### Required work
Look through the lines below; wherever the word "Esterno" appears, copy that line.

### Data
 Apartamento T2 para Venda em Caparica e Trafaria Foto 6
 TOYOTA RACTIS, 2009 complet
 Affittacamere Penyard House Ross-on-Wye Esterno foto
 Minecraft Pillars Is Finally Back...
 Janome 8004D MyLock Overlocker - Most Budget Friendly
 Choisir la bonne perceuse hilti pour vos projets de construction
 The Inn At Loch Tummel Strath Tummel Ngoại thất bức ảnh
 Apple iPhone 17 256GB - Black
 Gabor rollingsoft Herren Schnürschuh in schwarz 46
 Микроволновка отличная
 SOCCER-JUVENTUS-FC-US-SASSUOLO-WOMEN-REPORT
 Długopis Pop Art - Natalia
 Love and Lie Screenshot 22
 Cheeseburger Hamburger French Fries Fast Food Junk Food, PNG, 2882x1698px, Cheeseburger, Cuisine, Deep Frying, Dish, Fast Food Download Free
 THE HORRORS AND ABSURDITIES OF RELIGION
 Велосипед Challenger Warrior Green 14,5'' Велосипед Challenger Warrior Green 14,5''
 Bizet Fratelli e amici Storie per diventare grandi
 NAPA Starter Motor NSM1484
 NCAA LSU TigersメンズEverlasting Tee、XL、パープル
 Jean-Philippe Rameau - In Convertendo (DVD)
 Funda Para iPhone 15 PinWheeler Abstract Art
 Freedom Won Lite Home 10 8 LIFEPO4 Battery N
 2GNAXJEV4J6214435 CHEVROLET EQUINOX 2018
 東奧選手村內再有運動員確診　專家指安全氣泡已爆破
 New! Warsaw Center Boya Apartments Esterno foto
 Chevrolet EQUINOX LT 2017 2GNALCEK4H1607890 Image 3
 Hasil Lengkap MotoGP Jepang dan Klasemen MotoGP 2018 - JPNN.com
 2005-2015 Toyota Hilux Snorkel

### Your response
 Affittacamere Penyard House Ross-on-Wye Esterno foto
 New! Warsaw Center Boya Apartments Esterno foto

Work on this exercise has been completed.